Corruption in Iraq Leads to Military Ethicist's Suicide
The LA Times reports on the suspicious death of Col. Ted Westhusing. He volunteered for duty in Iraq leaving his position as a professor at West Point. He was tasked with the duty of overseeing USIS, a private security company linked to The Carlyle Group. The company had contracts worth $79 million to train Iraqi police to conduct special operations. Col. Westhusing was investigating the company for fraud and human rights abuses at the time of his death.
According to the LA Times, "[I]n May, Westhusing received an anonymous four-page letter that contained detailed allegations of wrongdoing by USIS.
The writer accused USIS of deliberately shorting the government on the number of trainers to increase its profit margin. More seriously, the writer detailed two incidents in which USIS contractors allegedly had witnessed or participated in the killing of Iraqis.
A USIS contractor accompanied Iraqi police trainees during the assault on Fallouja last November and later boasted about the number of insurgents he had killed, the letter says. Private security contractors are not allowed to conduct offensive operations.
In a second incident, the letter says, a USIS employee saw Iraqi police trainees kill two innocent Iraqi civilians, then covered it up. A USIS manager 'did not want it reported because he thought it would put his contract at risk.'"

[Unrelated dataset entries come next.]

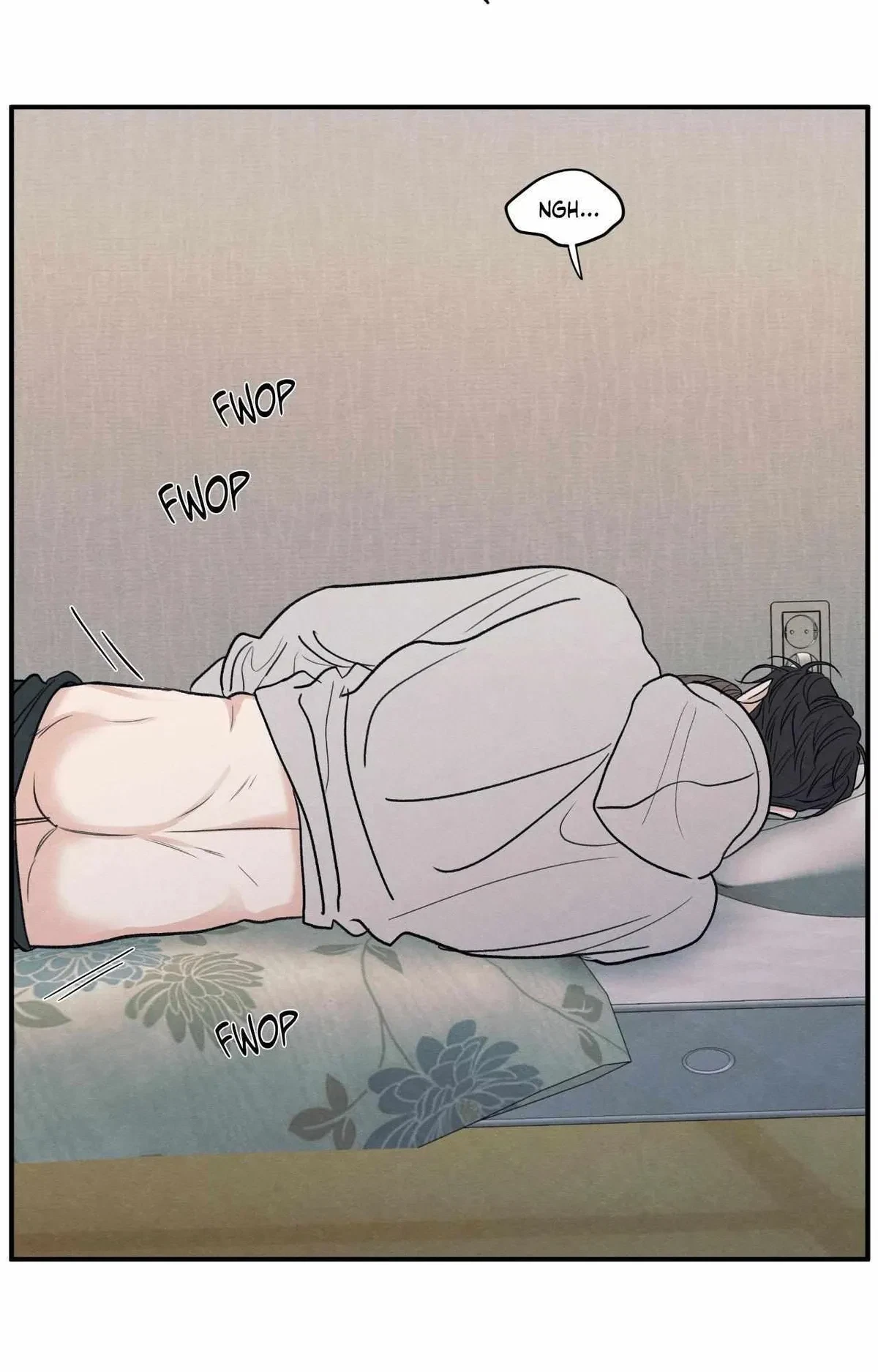 Chapter 86, page 59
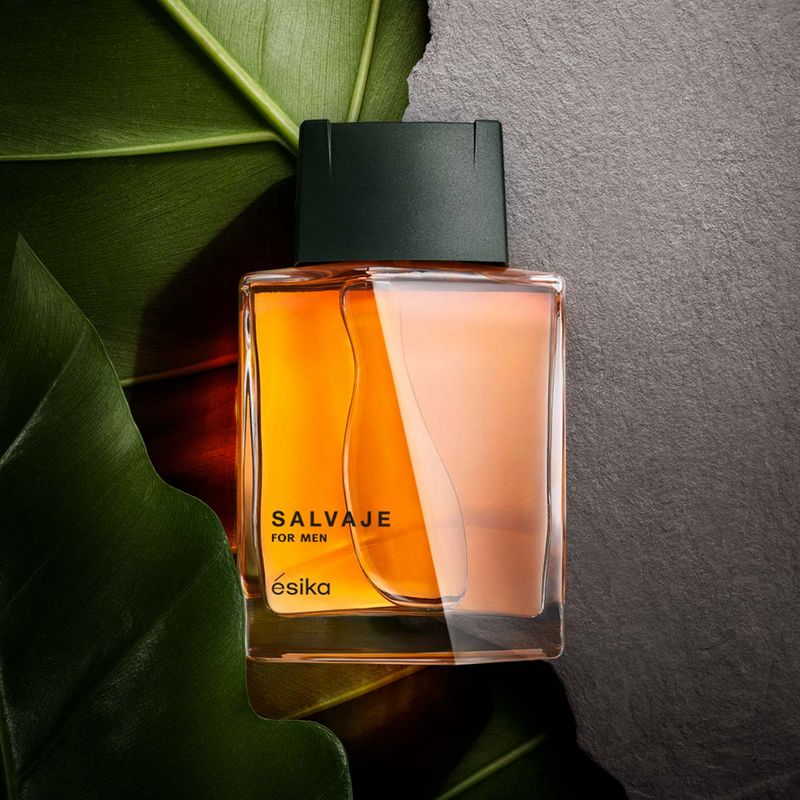 Salvaje Colonia para Hombre 90 ml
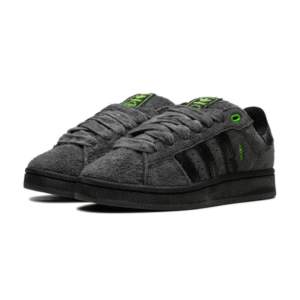 Adidas Campus 00s - Youth of Paris - Image 3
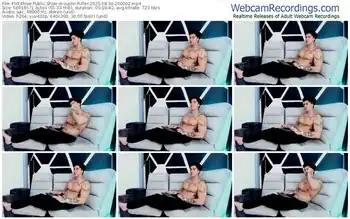 flirt4free-justin-fuller-08-30-2025-20-00-02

"U.S. officials investigated and found 'no contractual violations,' an Army spokesman said. Bill Winter, a USIS spokesman, said the investigation 'found these allegations to be unfounded.'
However, several U.S. officials said inquiries on USIS were ongoing. One U.S. military official, who, like others, requested anonymity because of the sensitivity of the case, said the inquiries had turned up problems, but nothing to support the more serious charges of human rights violations.

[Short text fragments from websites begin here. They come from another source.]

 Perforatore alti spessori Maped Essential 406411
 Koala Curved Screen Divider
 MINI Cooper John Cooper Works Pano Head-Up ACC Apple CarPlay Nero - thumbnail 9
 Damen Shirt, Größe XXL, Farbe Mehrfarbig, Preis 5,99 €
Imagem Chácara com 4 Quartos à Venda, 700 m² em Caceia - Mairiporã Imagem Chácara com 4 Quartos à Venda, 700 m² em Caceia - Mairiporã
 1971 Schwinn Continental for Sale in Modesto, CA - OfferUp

'As is typical, there may be a wisp of truth in each of the allegations,' the official said.
The letter shook Westhusing, who felt personally implicated by accusations that he was too friendly with USIS management, according to an e-mail in the report.
'This is a mess … dunno what I will do with this,' he wrote home to his family May 18.
The colonel began to complain to colleagues about 'his dislike of the contractors,' who, he said, 'were paid too much money by the government,' according to one captain.
'The meetings [with contractors] were never easy and always contentious. The contracts were in dispute and always under discussion,' an Army Corps of Engineers official told investigators."
His family and close friends reject the Army's conclusion that Col. Westhusing committed suicide.